One of my negro friends tells me: “Soon atter de war, dar wuz a trance-meetin’ in dis neighbourhood dat lasted a week. De cook at marster’s would git a answer jes befo’ dinner dat ef he didn’ bring a part uv evvything he cooked to de meetin’, ‘de Lawd would snatch de breath outen his body.’ He brung it. Young gals dee’d be layin’ ’roun’ in trances. A gal would come to meetin’ w’arin’ a jacket a white lady gin ’er. One uh de gals in a trance would say: ‘De Lawd say if sich an’ sich a one don’ pull dat jacket off, he gwi snatch de breath out dar body.’ One ole man broke dat meetin’ up. Two uv his gran’sons was lyin’ out in a trance. He come down dar, wid a han’-full uh hickory switches an’ laid de licks on dem gran’chillun. Evvybody took out an’ run. Dat broke de meetin’ up.

“Endurin’ slavery, dar marsters wouldn’ ’low niggers tuh do all dat foolishness. When freedom come, dee lis’n to bad advice an’ lef’ de white folks’ chu’ches an’ go to doin’ all sorts uh nawnsense. Now dee done learnt better again. Dee goin’ back sorter to de white folks’ chu’ches. Heap uh Pristopals lak dar use tuh be. In Furginny, Bishop Randolph come ’roun’ an’ confirm all our classes. An’ de Baptis’es dee talk ’bout takin’ de cullud Baptis’es under dar watch-keer. An’ all our folks dee done learnt heap better an’ all what I been tellin’ you. I don’ want you tuh put dat in no book lessen you say we-all done improved.”
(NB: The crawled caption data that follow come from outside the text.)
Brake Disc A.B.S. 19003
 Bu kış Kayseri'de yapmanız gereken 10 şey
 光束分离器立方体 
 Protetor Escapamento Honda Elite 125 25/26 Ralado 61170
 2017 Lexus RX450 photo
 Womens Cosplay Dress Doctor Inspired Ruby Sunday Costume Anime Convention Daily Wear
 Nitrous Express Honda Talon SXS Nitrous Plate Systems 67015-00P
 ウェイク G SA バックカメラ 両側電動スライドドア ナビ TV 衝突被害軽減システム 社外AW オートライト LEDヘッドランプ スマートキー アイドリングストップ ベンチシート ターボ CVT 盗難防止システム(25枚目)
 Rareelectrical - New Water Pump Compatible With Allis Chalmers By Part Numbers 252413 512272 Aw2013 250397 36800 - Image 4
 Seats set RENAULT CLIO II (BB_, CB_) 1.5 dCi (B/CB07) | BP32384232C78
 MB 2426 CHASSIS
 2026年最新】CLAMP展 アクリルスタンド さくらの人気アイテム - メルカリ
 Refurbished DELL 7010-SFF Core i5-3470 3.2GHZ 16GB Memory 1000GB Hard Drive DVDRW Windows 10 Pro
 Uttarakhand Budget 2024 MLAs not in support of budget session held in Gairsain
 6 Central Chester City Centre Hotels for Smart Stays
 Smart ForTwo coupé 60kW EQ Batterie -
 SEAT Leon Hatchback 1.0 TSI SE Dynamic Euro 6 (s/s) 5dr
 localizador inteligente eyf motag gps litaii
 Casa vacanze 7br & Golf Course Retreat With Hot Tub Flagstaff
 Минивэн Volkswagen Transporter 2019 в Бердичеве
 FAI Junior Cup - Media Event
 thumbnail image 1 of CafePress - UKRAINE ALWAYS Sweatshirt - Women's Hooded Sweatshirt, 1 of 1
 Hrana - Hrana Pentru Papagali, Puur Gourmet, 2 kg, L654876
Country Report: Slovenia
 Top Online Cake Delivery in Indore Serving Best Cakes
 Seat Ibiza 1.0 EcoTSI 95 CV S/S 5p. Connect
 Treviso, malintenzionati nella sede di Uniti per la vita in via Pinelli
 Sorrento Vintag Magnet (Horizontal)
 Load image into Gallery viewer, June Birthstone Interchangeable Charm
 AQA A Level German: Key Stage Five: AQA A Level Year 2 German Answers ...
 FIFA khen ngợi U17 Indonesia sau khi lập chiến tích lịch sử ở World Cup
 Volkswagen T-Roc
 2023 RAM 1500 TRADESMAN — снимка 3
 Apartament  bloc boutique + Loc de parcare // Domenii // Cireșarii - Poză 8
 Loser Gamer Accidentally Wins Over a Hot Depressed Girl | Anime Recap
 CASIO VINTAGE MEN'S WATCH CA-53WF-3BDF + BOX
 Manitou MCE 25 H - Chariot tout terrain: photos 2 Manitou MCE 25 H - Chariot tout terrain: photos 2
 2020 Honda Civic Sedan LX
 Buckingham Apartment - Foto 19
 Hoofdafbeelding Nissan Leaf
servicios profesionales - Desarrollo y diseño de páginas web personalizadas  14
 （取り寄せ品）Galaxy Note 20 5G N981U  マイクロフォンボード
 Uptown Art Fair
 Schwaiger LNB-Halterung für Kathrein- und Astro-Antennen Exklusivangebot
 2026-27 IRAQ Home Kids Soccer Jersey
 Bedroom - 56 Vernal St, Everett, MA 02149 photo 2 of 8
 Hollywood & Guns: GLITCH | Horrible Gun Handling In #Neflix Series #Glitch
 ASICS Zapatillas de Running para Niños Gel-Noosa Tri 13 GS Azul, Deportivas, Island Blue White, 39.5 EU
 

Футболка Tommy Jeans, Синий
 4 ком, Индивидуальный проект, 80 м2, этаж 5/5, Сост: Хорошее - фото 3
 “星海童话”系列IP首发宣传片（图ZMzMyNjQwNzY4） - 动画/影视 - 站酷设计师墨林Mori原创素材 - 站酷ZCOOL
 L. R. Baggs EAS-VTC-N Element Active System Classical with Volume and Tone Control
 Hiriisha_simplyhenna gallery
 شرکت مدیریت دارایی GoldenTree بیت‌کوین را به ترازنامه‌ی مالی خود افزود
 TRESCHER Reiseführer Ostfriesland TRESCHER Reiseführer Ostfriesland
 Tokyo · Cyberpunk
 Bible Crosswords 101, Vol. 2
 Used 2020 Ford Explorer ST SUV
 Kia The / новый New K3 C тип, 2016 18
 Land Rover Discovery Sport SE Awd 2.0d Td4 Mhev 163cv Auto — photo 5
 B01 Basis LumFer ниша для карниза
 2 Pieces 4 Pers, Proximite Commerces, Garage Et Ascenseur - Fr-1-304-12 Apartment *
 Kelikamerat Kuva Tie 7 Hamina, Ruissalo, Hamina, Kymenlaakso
Southern men who stand at the head of educational movements for negroes, state that they have advanced greatly in a religious sense, their own educated ministry contributing to this end. Among those old half-voodoo shouters and dreamers of dreams were negroes of exalted Christian character and true piety, and, industrially, of far more worth to society than the average educated product. I have known sensible negroes who believed that they “travelled” to heaven and to hell.[15]

It has been urged that darkness would have been quickly turned to light had Southern masters and mistresses performed their full duty in the spiritual instruction of their slaves. To change the fibre of a race is not a thing quickly done even where undivided and intense effort is bent in this direction. The negro, as he came here from Africa, changed much more quickly for the better in every respect than under freedom he could have done. It has been charged that we had laws against teaching negroes to read. I never heard of them until after the war. All of us tried to teach darkeys to read, and nothing was ever done to anybody about it. If there were such laws, we paid no attention to them, and they were framed for the negroes’ and our protection against fanatics.[16]

I have treated this subject to show the swing back to savagery the instant the master-hand was removed; one cause of demoralisation in field and kitchen; the superstitious, volatile, inflammable material upon which political sharpers played without scruple.